### SUPPLIED ENTRIES
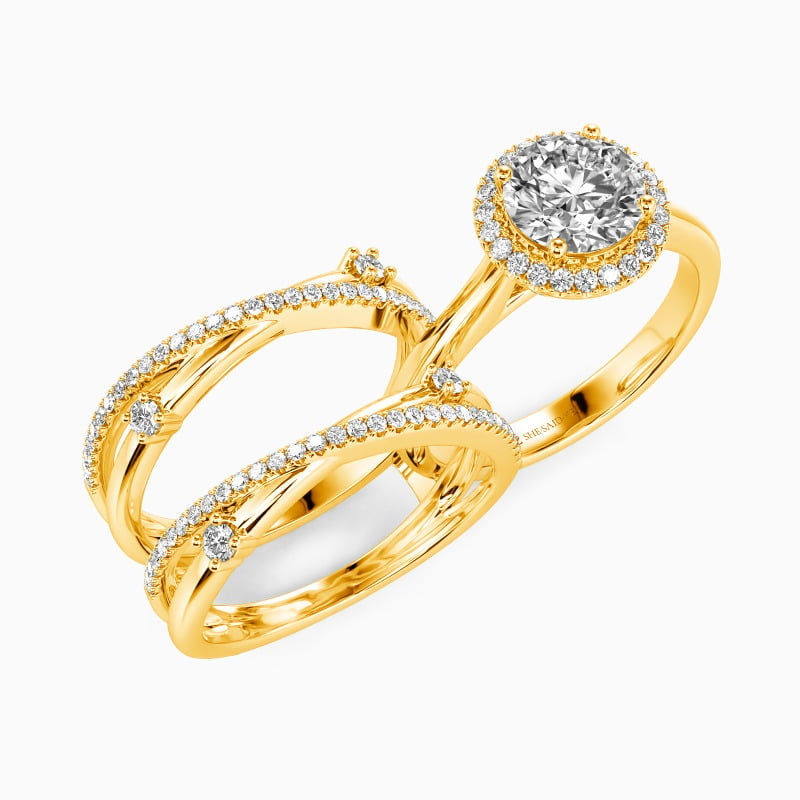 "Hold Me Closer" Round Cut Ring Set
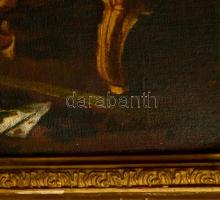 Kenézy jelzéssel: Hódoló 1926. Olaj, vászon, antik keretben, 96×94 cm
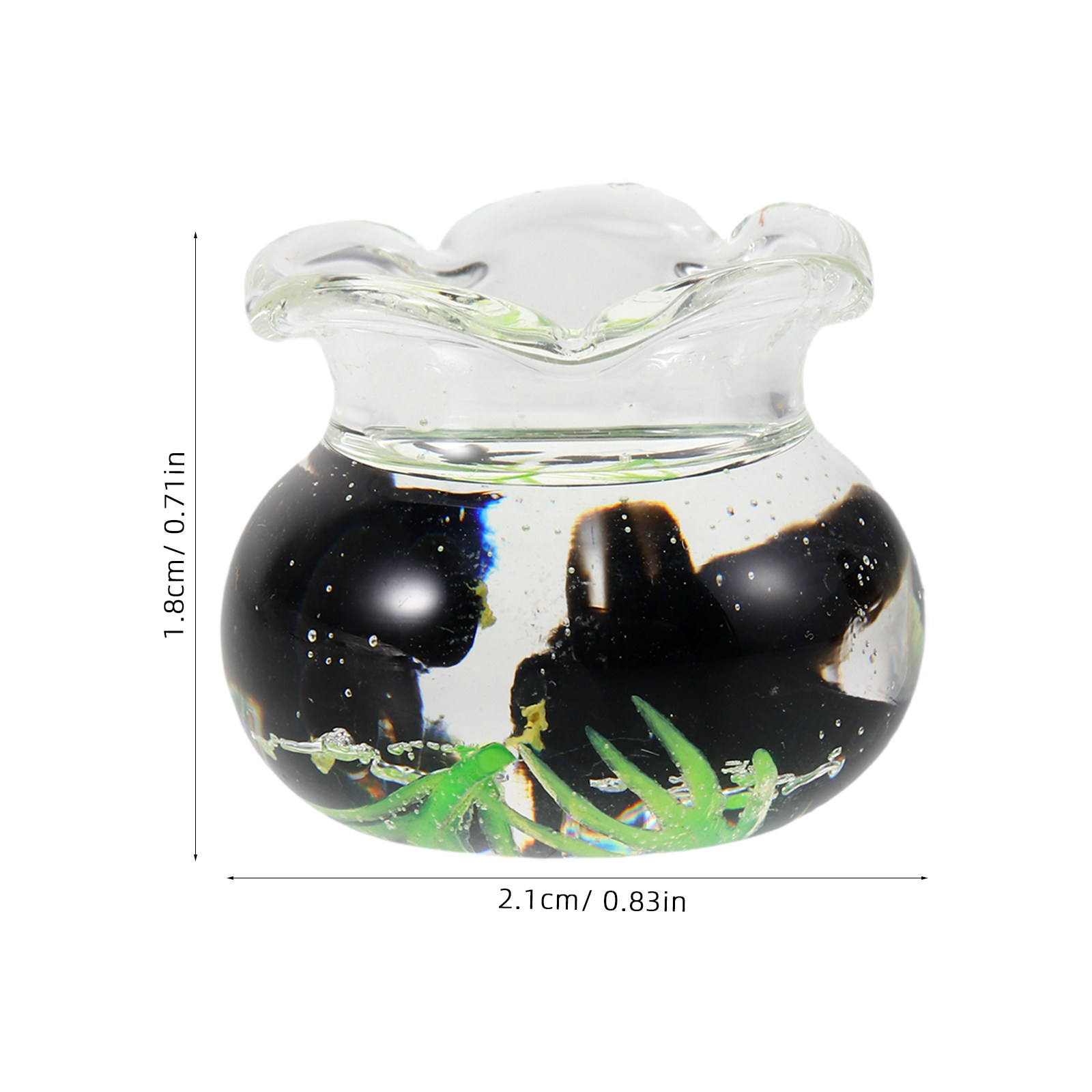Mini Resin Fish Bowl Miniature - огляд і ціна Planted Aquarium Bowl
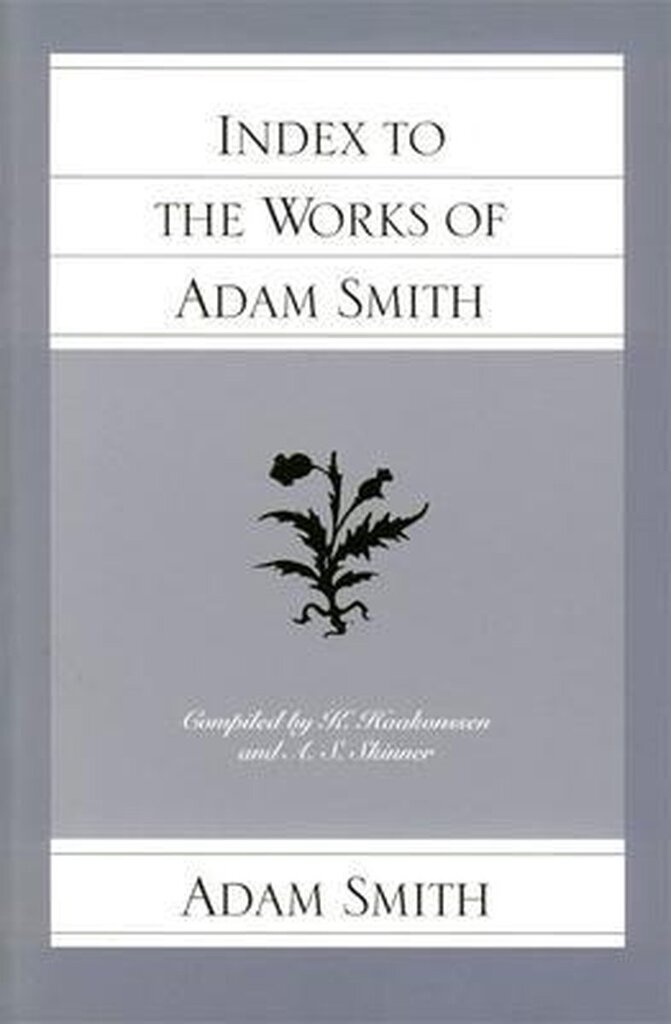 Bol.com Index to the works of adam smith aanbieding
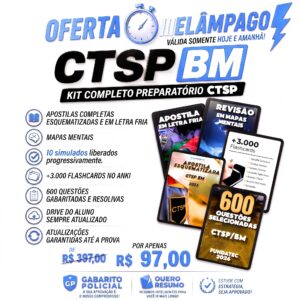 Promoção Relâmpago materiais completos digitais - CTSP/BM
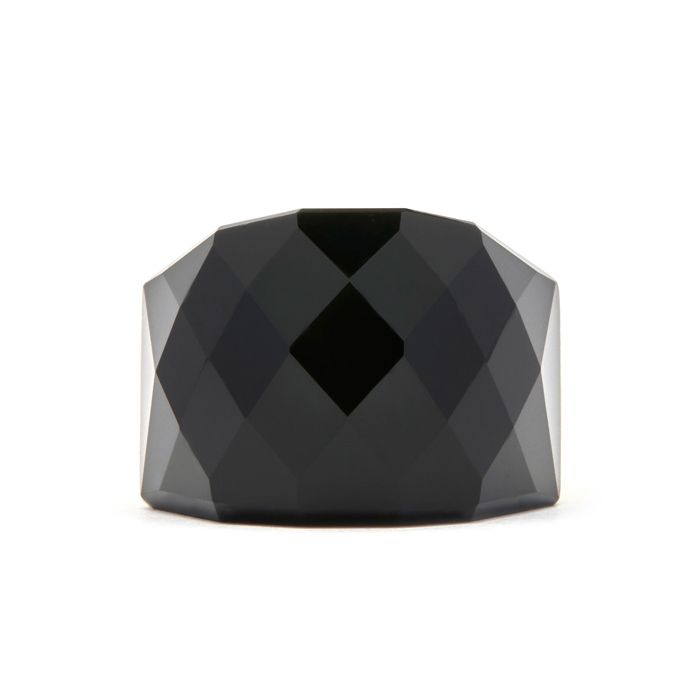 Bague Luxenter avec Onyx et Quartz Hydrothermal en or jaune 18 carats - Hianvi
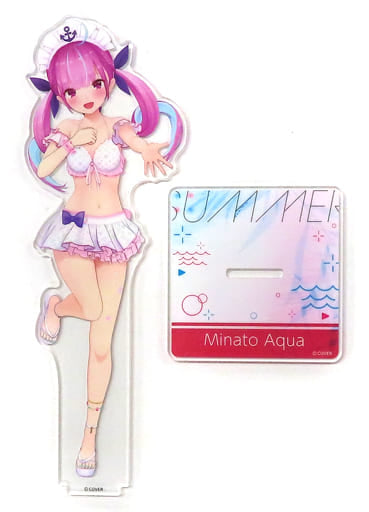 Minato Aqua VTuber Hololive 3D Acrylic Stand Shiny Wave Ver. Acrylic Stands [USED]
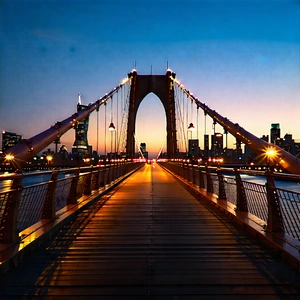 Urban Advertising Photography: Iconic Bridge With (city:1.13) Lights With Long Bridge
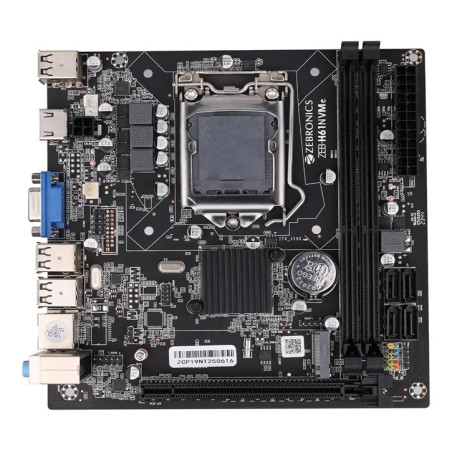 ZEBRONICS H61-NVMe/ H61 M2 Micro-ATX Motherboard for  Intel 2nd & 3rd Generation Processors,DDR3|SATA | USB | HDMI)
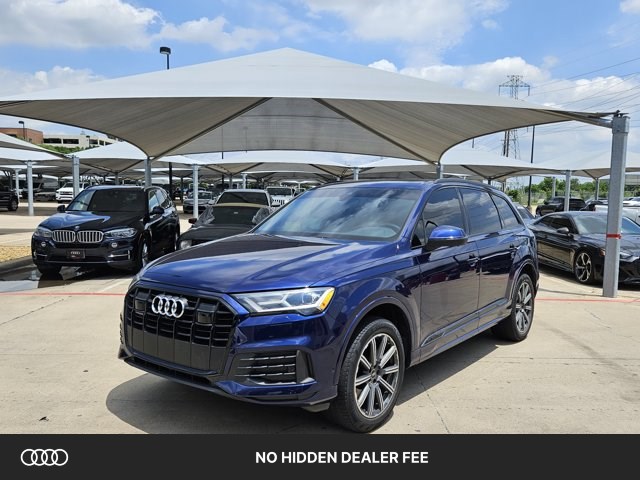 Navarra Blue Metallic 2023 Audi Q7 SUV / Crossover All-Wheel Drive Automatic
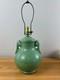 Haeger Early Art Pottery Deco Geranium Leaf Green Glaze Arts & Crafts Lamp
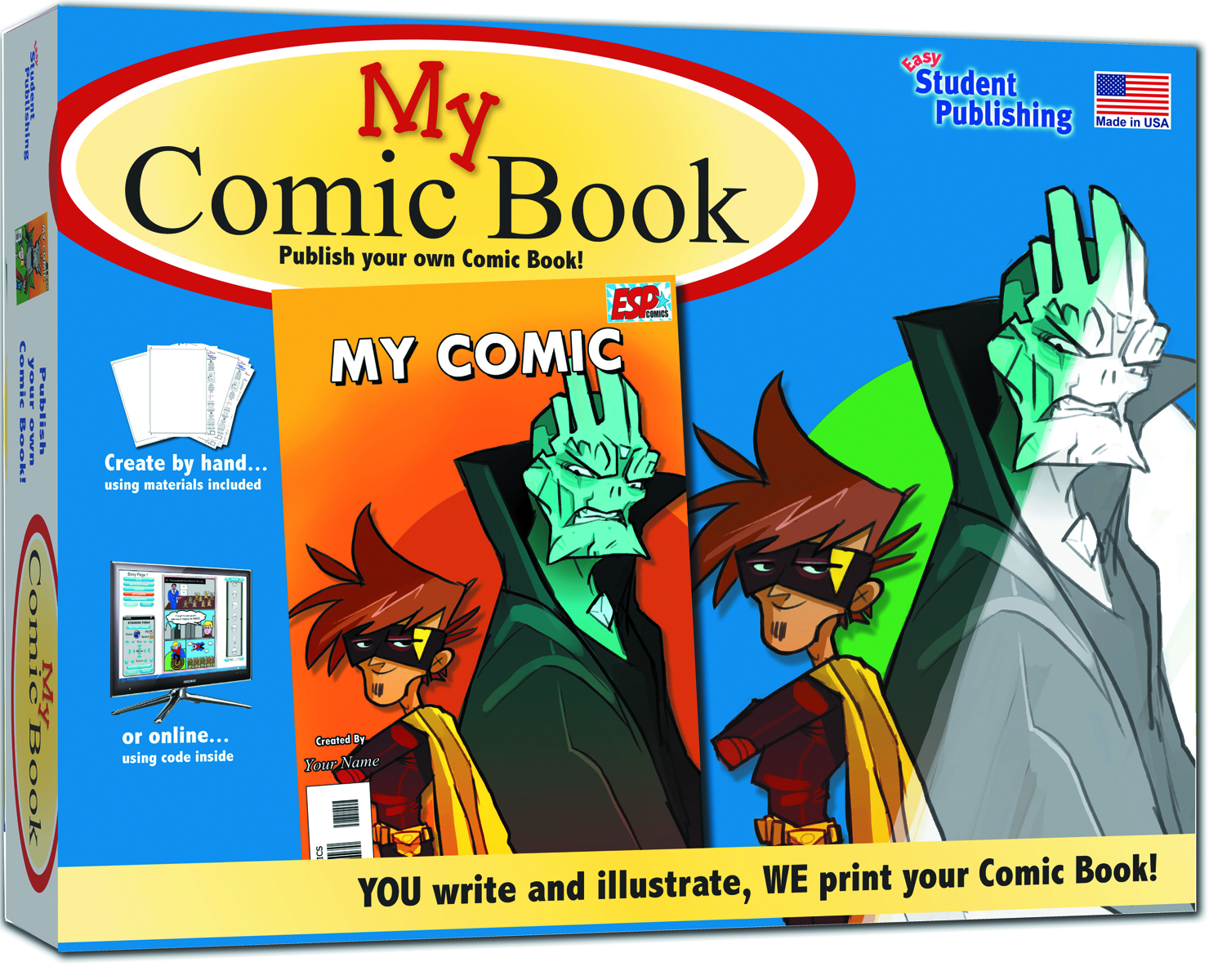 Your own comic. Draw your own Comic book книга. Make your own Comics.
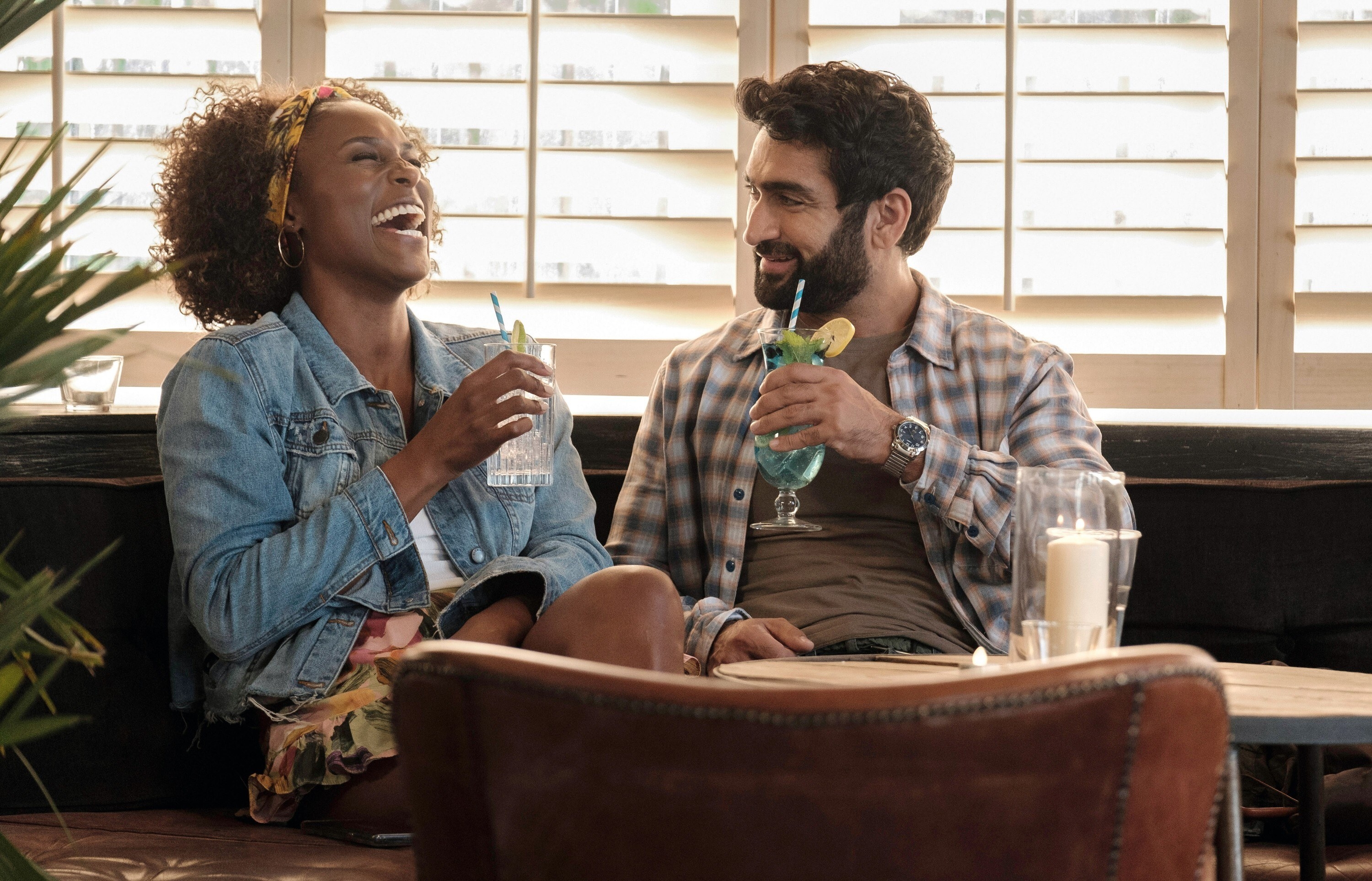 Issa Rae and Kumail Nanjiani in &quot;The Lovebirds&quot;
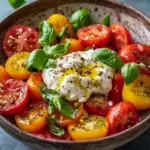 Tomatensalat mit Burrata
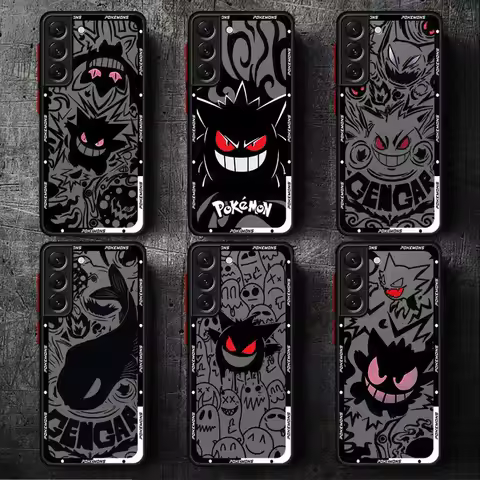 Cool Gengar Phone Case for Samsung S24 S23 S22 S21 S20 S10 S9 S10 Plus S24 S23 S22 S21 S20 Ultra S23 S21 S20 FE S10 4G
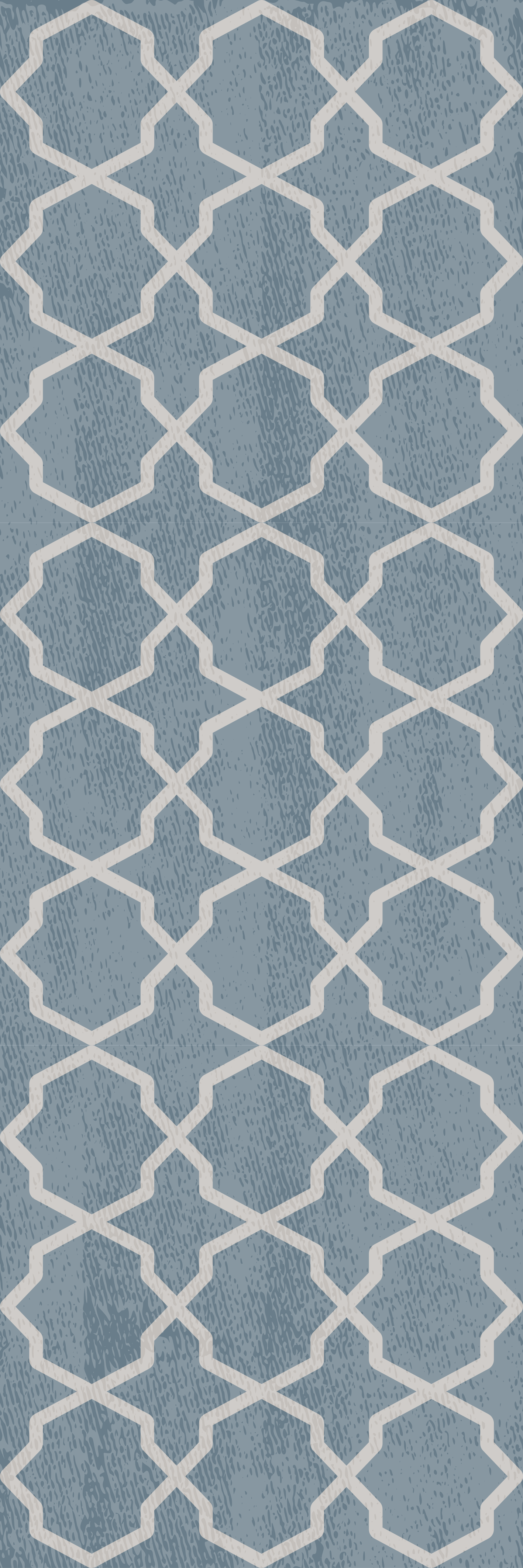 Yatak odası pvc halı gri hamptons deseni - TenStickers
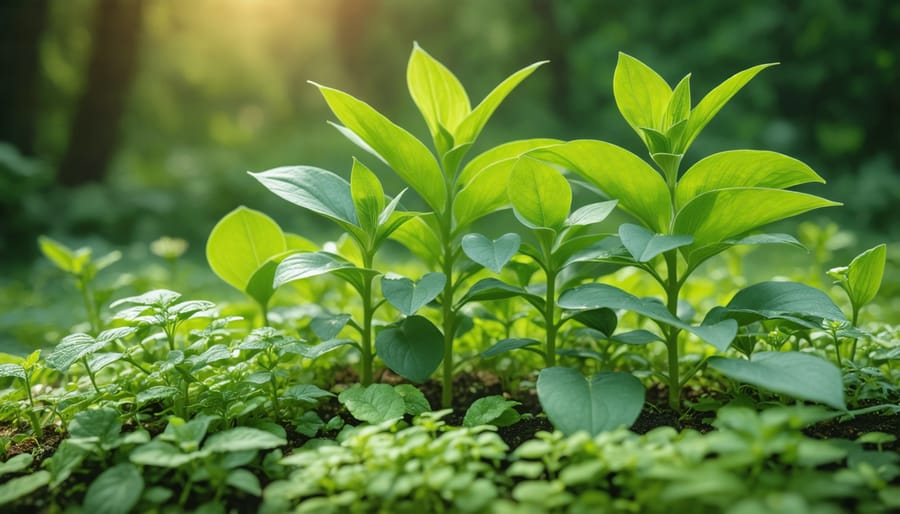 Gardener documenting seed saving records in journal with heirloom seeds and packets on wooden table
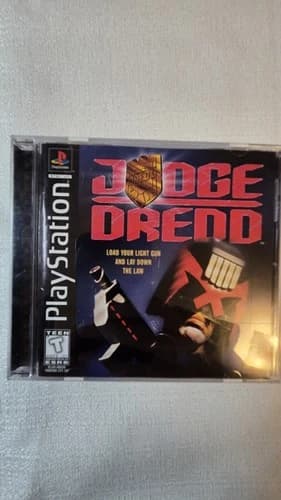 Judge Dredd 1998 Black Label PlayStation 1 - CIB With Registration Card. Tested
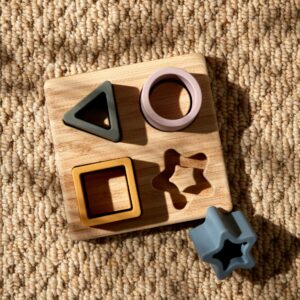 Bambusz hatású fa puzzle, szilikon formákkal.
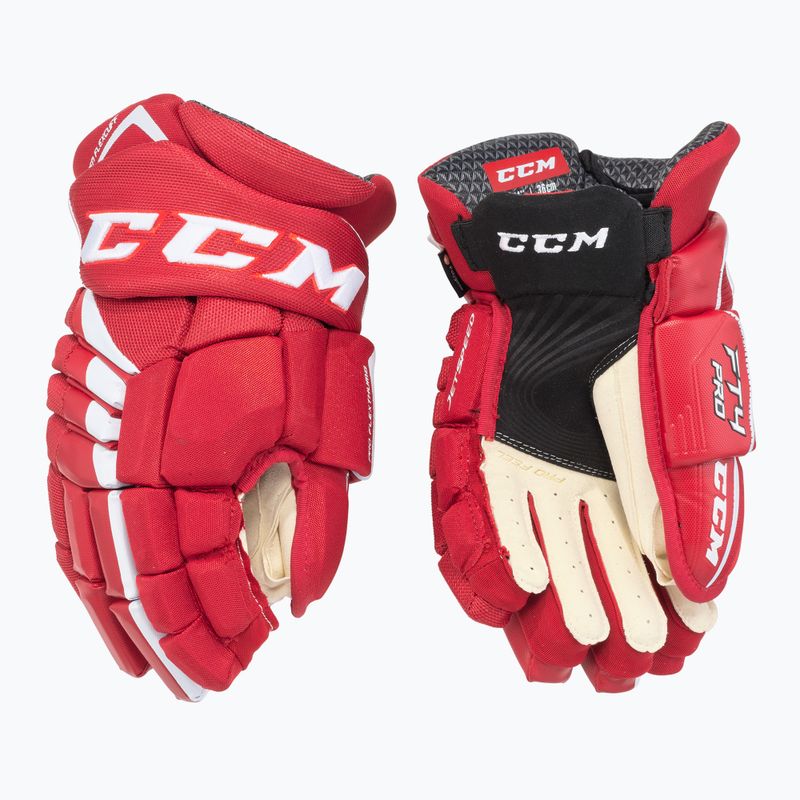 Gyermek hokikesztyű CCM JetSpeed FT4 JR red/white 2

### TASK PROMPT
Output exactly the lines from the line containing "Navarra Blue Metallic" through the last line of the records, both included, and leave out every picture.

### ANSWER SECTION
 Navarra Blue Metallic 2023 Audi Q7 SUV / Crossover All-Wheel Drive Automatic
 Haeger Early Art Pottery Deco Geranium Leaf Green Glaze Arts & Crafts Lamp
 Your own comic. Draw your own Comic book книга. Make your own Comics.
 Issa Rae and Kumail Nanjiani in &quot;The Lovebirds&quot;
 Tomatensalat mit Burrata
 Cool Gengar Phone Case for Samsung S24 S23 S22 S21 S20 S10 S9 S10 Plus S24 S23 S22 S21 S20 Ultra S23 S21 S20 FE S10 4G
 Yatak odası pvc halı gri hamptons deseni - TenStickers
 Gardener documenting seed saving records in journal with heirloom seeds and packets on wooden table
 Judge Dredd 1998 Black Label PlayStation 1 - CIB With Registration Card. Tested
 Bambusz hatású fa puzzle, szilikon formákkal.
 Gyermek hokikesztyű CCM JetSpeed FT4 JR red/white 2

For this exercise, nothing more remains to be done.